Reputation: 48725
Suppose I have simple table like this:
ID (PRIMARY)
time (INT)
stage (TINYINT)
other fields...
I have to do range search on time while normally selecting stage. With SQL query example:
SELECT * FROM table WHERE time>10000 AND (stage=1 OR stage=3 OR stage=4)
VERY IMPORTANT: There are a lot of rows with stage = 2, let's say 99% of the table. There are only 5 distinct stage values.
What would be the propper indexing of this table?
Upvotes: 0
Views: 79
Reputation: 47038
It depends on the distribution of the values in the different columns.
If you have very few possible stage
values you will probably have the best performance with either a separate index on time
and one on stage
or with a combined index time, stage
.
But if you have lots of distinct stage
values it might be faster to order the index the other way around: stage, time
.
But using OR
makes the stage
search more fragmented compared to an AND
search.

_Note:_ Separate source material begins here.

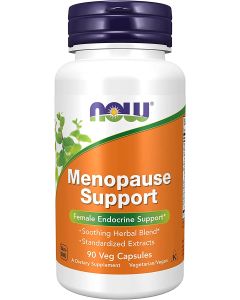 NOW Menopause Support Female Endocrine Support 90 Veggie Caps - supplemynts.com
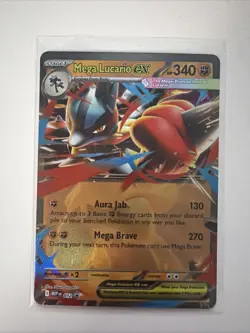 Mega Lucario ex 012 Holo Promo ME: Mega Evolution Promo Pokemon Holo Near Mint - Image 1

Therefore I would try to have time
first in the index.
The only way to know for sure on your specific set of data is to try and measure, but above three mentioned candidates are my top candidates for indexes.
Edit
You might want to create a clustered index on time
, possibly time, stage
if most of your queries search by time range. This way you minimize lookup in the table once you found the correct rows in the index.
Beware that this can create a fragmented dataspace if time
is strictly increasing when you insert new records.
Upvotes: 1
Reputation: 484
Create an index with time first and stage second if there's a low cardinality in the stage-column. You can also change the stage part to AND stage IN (2, 10)
might improve performance as well as readability. :)
Good luck!
Upvotes: 1